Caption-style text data
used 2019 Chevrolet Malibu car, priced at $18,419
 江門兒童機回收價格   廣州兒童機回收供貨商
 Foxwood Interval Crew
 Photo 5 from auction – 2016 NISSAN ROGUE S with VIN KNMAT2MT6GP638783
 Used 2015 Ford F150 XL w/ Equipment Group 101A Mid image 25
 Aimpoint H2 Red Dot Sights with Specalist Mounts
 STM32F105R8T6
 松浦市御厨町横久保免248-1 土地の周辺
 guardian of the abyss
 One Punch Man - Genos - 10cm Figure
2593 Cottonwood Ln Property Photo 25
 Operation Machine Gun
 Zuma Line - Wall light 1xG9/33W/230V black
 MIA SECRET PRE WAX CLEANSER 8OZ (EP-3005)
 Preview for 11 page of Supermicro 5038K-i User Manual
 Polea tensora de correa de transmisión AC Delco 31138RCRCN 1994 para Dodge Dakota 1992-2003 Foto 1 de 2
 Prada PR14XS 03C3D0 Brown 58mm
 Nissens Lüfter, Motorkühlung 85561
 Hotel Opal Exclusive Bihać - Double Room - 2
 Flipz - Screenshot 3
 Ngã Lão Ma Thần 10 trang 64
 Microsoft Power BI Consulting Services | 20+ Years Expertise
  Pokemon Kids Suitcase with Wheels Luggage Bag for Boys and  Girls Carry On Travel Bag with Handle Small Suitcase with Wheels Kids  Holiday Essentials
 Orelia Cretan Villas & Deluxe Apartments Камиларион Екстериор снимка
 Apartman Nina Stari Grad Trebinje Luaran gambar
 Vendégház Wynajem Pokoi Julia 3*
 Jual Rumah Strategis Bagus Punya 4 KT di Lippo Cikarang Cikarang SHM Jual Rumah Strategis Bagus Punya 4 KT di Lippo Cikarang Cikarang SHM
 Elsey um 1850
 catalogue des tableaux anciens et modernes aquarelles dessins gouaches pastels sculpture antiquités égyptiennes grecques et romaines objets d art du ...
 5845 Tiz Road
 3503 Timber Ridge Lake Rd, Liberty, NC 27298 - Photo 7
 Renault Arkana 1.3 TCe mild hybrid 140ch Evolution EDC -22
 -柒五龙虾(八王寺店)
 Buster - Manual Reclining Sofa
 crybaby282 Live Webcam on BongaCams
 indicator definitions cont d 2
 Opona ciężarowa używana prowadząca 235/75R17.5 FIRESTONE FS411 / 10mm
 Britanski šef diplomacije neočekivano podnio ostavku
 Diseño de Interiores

_To do_. Every line above with the string "Manual" in it needs to be copied.

_Worked solution_.
 Preview for 11 page of Supermicro 5038K-i User Manual
 Buster - Manual Reclining Sofa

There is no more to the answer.